US Secretary of State
Condoleezza Rice, speaking in Germany, began her
tour of Europe this week with the admission that the
US
had made "mistakes" in the "war on terror". While
insisting that the US did not "condone" torture,
she said, "We recognize that any policy [such as
rendition of prisoners] will sometimes result in
errors."
She could well have been
referring to Pakistan, a key ally in this
endeavor.
Ever since signing on for the
"war on terror", the administration of President
General Pervez Musharraf has been under constant
pressure to clamp down on the many al-Qaeda-linked
and Afghan resistance figures known to have taken
shelter in the country.
Pakistan has
generally tried to please, at times a little too
hard. In the past four years it has rounded up
many thousands of suspects, most of whom had
nothing to do with terrorism but were simply there
to make up the numbers.
But US
"intelligence" is catching on.
"The
Americans are not fools [in this game] any more.
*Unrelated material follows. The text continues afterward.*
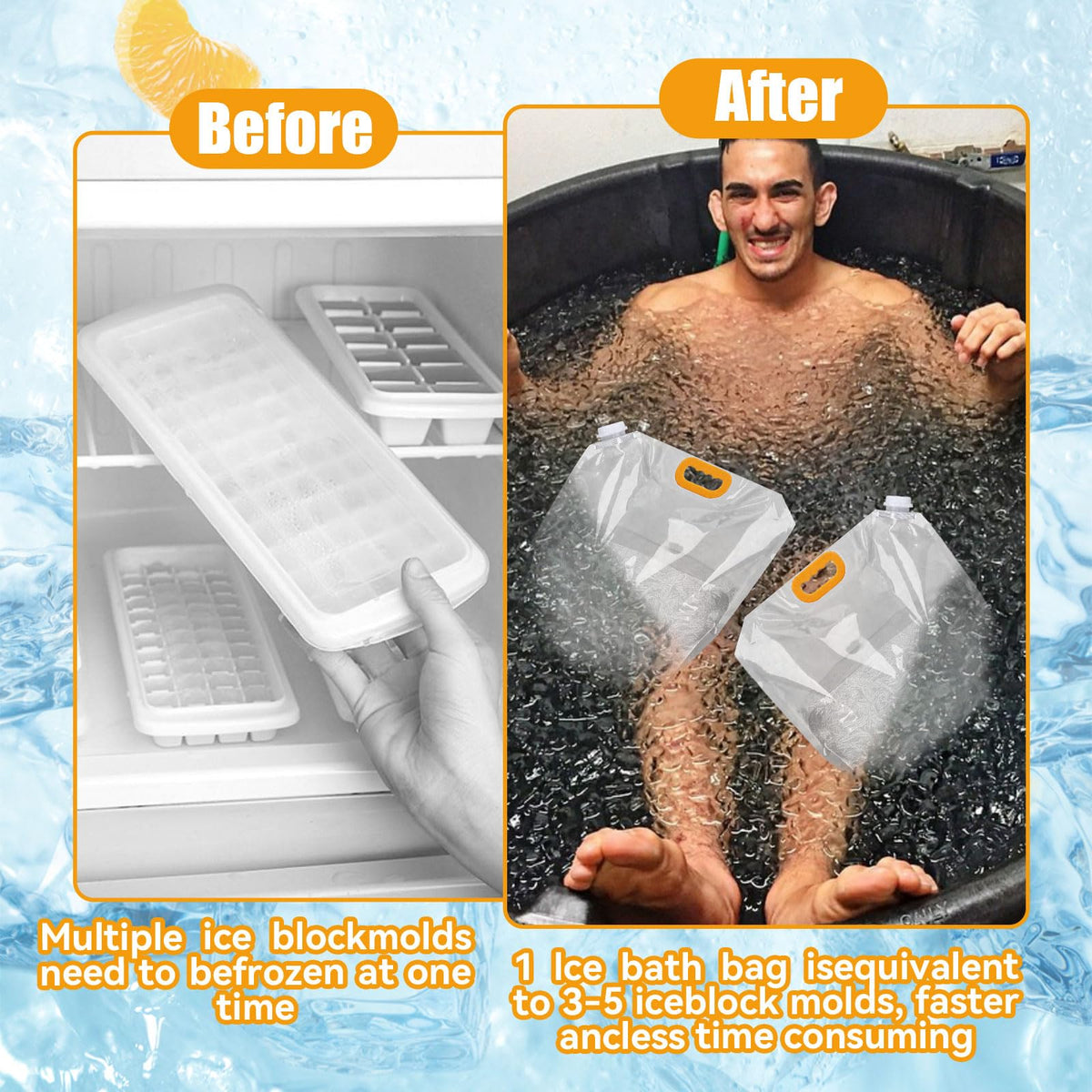 Cold plunge tub filled with ice and water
They understand the gimmicks and now they do not
take any interest in such pseudo al-Qaeda people,"
said Khalid Khawaja, one-time close friend of
Osama bin Laden and also a former Inter-Services
Intelligence official. He now operates the
non-governmental organization Defense for Human
Rights, which provides legal relief for families
affected by the "war on terror".
The case
of Abdullah Khadr is a good illustration. He was
roughed up in Pakistani custody before being
released and returned to Toronto, Canada, a free
man. But only after the US Federal Bureau of
Investigation (FBI) refused to accept him.
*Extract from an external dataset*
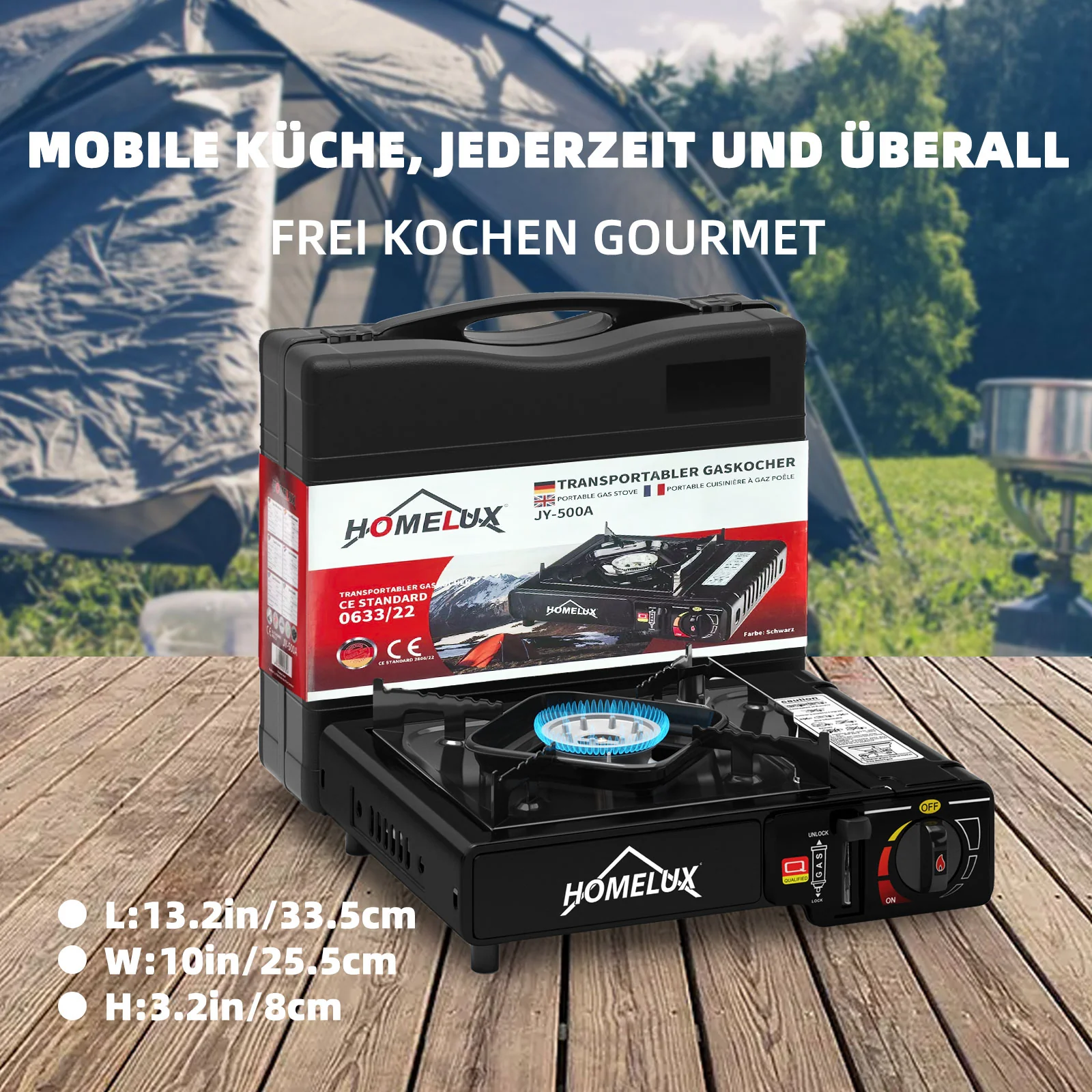 Camping-Gaskocher-Set 2,2 KW, mit Gaskartusche, inkl. Aufbewahrungsbox. Ideal für Outdoor-Kochen - Image 6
The 24-year-old Canadian, whose brother is
the only Canadian held in the US detention center
in Guantanamo Bay, Cuba, is the oldest of Ahmed
Said Khadr's four sons. The senior Khadr, an
accused terrorist financier, was killed in a 2003
shootout with Pakistani forces.
"Abdullah
Khadr was questioned at the airport by RCMP [Royal
Canadian Mounted Police] investigators, then
dropped off at his grandparents' home in
Scarborough [a suburb of Toronto] and told he was
a 'free man', according to his relatives and
lawyer," the Toronto Star reported.
Though
US officials told the Star that they might seek to
have charges laid against Khadr and have him
extradited to the US to face trial, security
sources in Pakistan revealed that Abdullah would
only have been released from Pakistan after being
thoroughly scanned, and the US refused to take him
as there was no evidence against him.
According to security officials who spoke
to Asia Times Online, there is now a long list of
such detainees in Pakistani custody, held under
various charges. They are carefully scrutinized by
US intelligence, and if found clear they are sent
back to their countries of origin.
"Pakistan has flooded CIA planes with
hundreds of accused in the past several months. Of
those hundreds, only a few dozen have been found
guilty. The rest became a liability and were
subsequently released," an official said.
These include Mohammed and Khalid, sons of
Shiekh Essa, who leads a group in al-Qaeda that
believes in violence against Muslim regimes that
are allied with the US. Abdur Rehman, a Pakistani,
was also recently handed over to Egypt after he
was presented to the FBI, which found him a "waste
of time".
Earlier, three Dutch-Pakistani
brothers, Sajeel Shahid, Adil Shahid and Sohail
Shahid, were kept in detention for a long period
by Pakistani authorities, but when the US found
them useless they were handed over to the Dutch
government, and they now live in the Netherlands
as free citizens. Sohail Shahid was chairman of
the Software Control Board and Adil Shahid was a
software advisor in the Pakistani armed forces. As
Sajeel Shahid ran a madrassa , they all
landed in trouble.
"This is a racket by
Pakistani and all other Muslim governments to
trade support for their dictatorships in the garb
of al-Qaeda arrests. Most of them turned out to be
pseudo and therefore exposed the intentions of
these regimes. Every now and then they carry out
operations in which they show hundreds of people
rounded up, and then they present them to the
FBI," said Khawaja.
"But now the Americans
understand this. Western governments' behavior is
far more humane than the so-called Islamic
dictatorial regimes.
"I was interviewed by
the Canadian media and they are telling me that
Abdullah Khadr is moving around on the Canadian
streets as a free man. On the contrary, when the
US releases Pakistanis from its Cuban prison, even
after much screening, they are immediately
detained at the airport [in Pakistan] and locked
in prisons for months," said Khawaja.
Arrests and operations have invariably
preceded all of Musharraf's foreign trips,
especially to the US. His present visit to the
Middle East was also preceded by a major crackdown
on militants in Pakistan.
The most
interesting was the alleged killing of Hamza
Rabia, said to be a senior al-Qaeda commander.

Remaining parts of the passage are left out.